[Start of section]

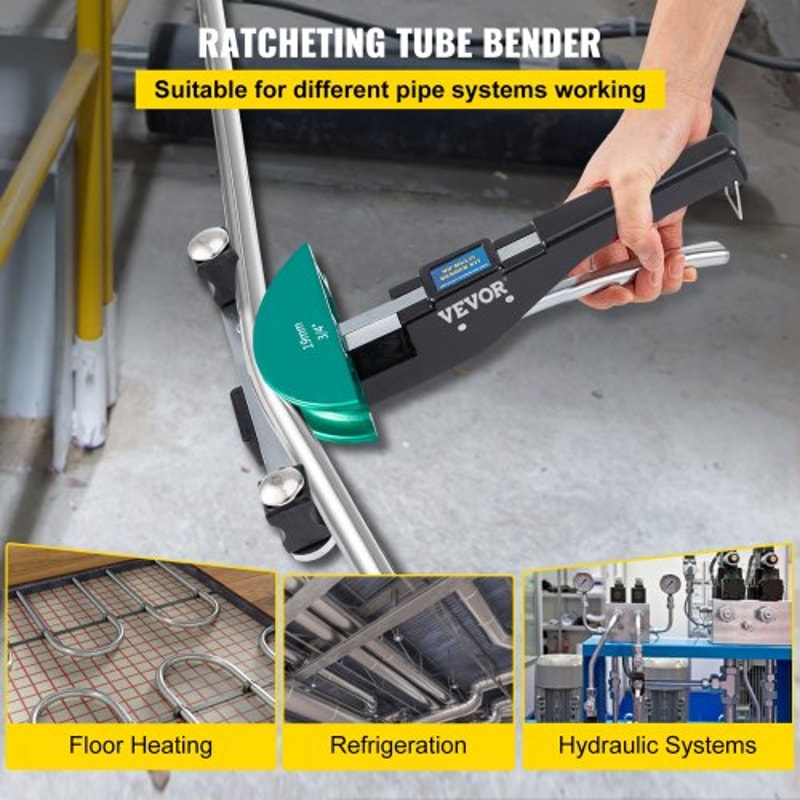 Premium Copper Pipe Bender Kit, Ratcheting Tube Bender with Color Dies, Forward & Reverse Bend for Copper & Aluminum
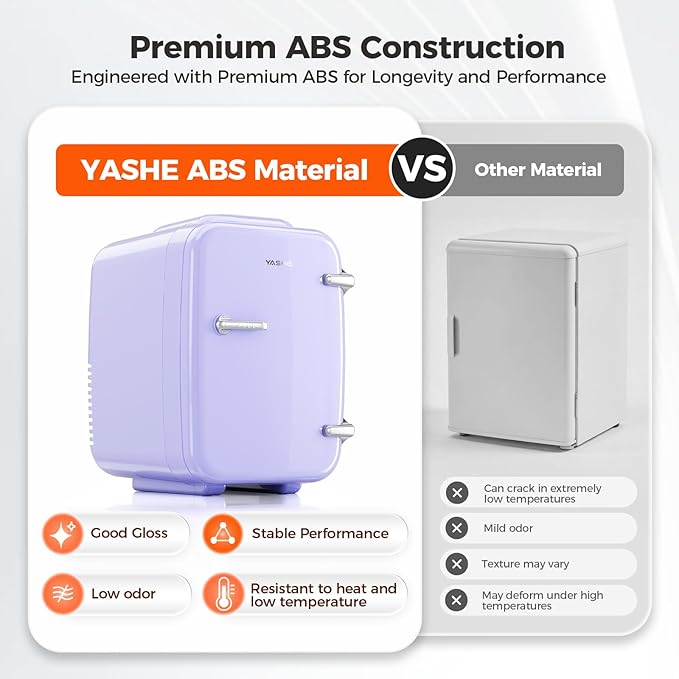 YASHE Mini Fridge, 4 Liter/6 Can Mini Makeup Fridge, 110V AC/ 12V DC Portable Thermoelectric Cooler&Warmer for Skincare, Drink, Cosmetic, Medicine, Small fridge for Bedroom, Office, Dorm, Car, Purple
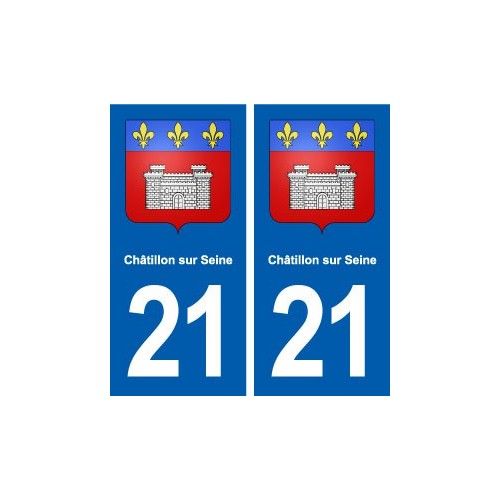 21 Châtillon-Sur-Seine Blason Autocollant Plaque Stickers Ville - Droits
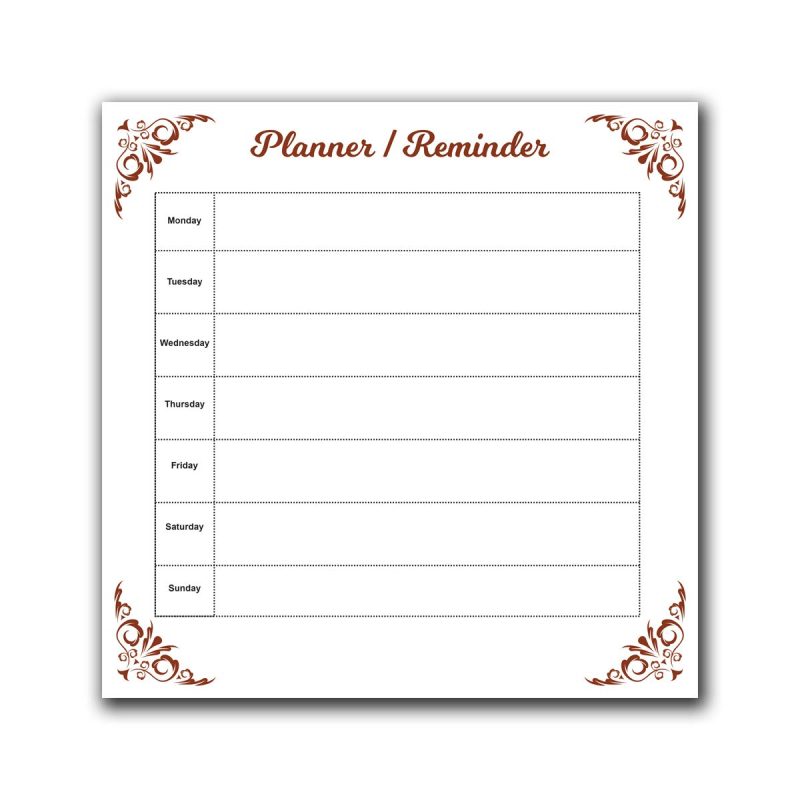 Vintage Floral Weekly Planner Magnet Sheet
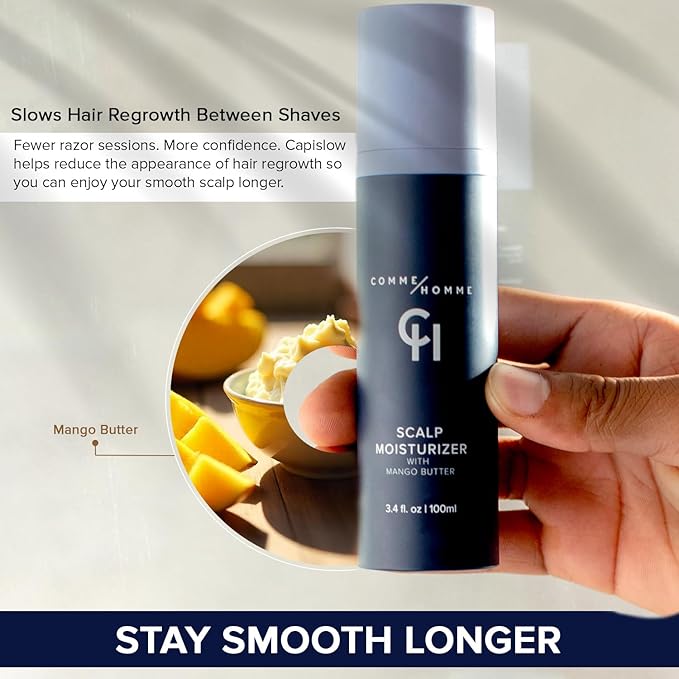 Comme Homme Soothing Scalp Moisturizer for Bald Men | Hydrates, Softens & Slows Regrowth with Aloe, Mango Butter & Capislow | Anti-Itch, Non-Greasy Daily Scalp Care for Bald Heads | 3.4 fl oz/100 ml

[End of section]

- _Brief_
Your reply should hold every line of the material, unaltered, and not one picture.

- _Solved exercise_
 Premium Copper Pipe Bender Kit, Ratcheting Tube Bender with Color Dies, Forward & Reverse Bend for Copper & Aluminum
 YASHE Mini Fridge, 4 Liter/6 Can Mini Makeup Fridge, 110V AC/ 12V DC Portable Thermoelectric Cooler&Warmer for Skincare, Drink, Cosmetic, Medicine, Small fridge for Bedroom, Office, Dorm, Car, Purple
 21 Châtillon-Sur-Seine Blason Autocollant Plaque Stickers Ville - Droits
 Vintage Floral Weekly Planner Magnet Sheet
 Comme Homme Soothing Scalp Moisturizer for Bald Men | Hydrates, Softens & Slows Regrowth with Aloe, Mango Butter & Capislow | Anti-Itch, Non-Greasy Daily Scalp Care for Bald Heads | 3.4 fl oz/100 ml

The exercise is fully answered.